3Performance and experience (1/2)
The Snapdragon 8 Elite Gen 5 powers the core performance experience and does so confidently. Combined with LPDDR5X memory and UFS 4.1 storage, the phone feels fast in every scenario. Apps open immediately, multitasking is effortless, and the phone rarely reloads apps in the background. Thermally, iQOO’s enlarged 8K VC chamber and layered graphite system help maintain consistency during heavy use.
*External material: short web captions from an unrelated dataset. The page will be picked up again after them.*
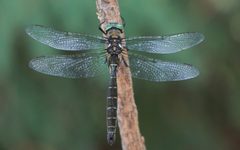 Somatochlora albicincta1 by D. Sikes. Used under a CC BY-SA 2.0 license.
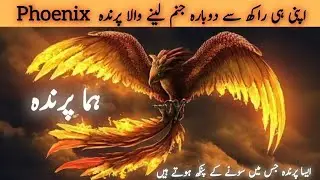 Phoenix | wonderful birds | Huma bird | phoenix bird in urdu | phoenix bird story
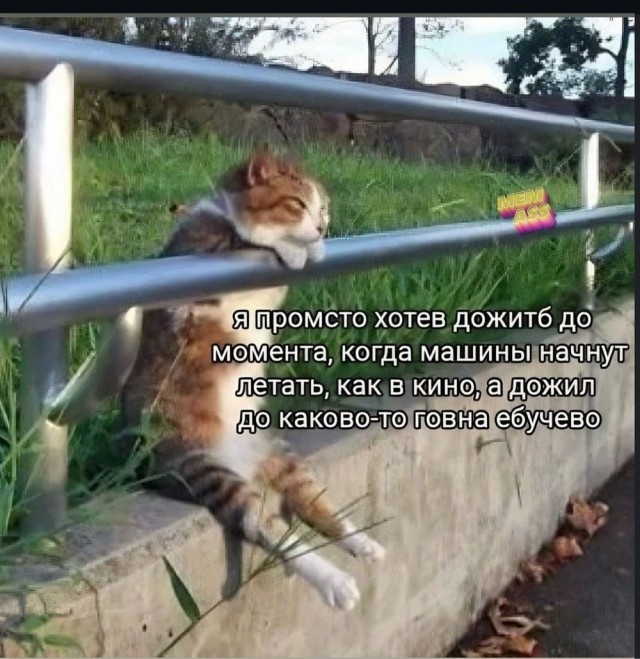 картинка 3bc8055e3b 21077246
For gaming, the Snapdragon 8 Elite Gen 5 is supported by the Q3 e-sports chip, which handles rendering enhancement, ray tracing and AI tasks. This is where the iQOO 15 differentiates itself from typical flagship phones. Ray tracing support in Genshin Impact delivers better lighting depth and a more realistic atmosphere. You cannot use ray tracing and super-resolution or super-frame simultaneously, but switching between them is quick, and each mode offers clear improvements.
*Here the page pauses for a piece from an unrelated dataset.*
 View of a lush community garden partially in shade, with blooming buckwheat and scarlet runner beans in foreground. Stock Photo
Honor of Kings was the most impressive showcase. With native 144fps enabled, the phone consistently stayed above 144fps during full ranked matches. Touch response remained sharp, and frame pacing was extremely stable. Power draw remained surprisingly low for this level of smoothness. Thermals were controlled, though the phone does warm up noticeably after long sessions, reaching around 40 degrees Celsius in the upper rear section. It never throttled meaningfully during my testing.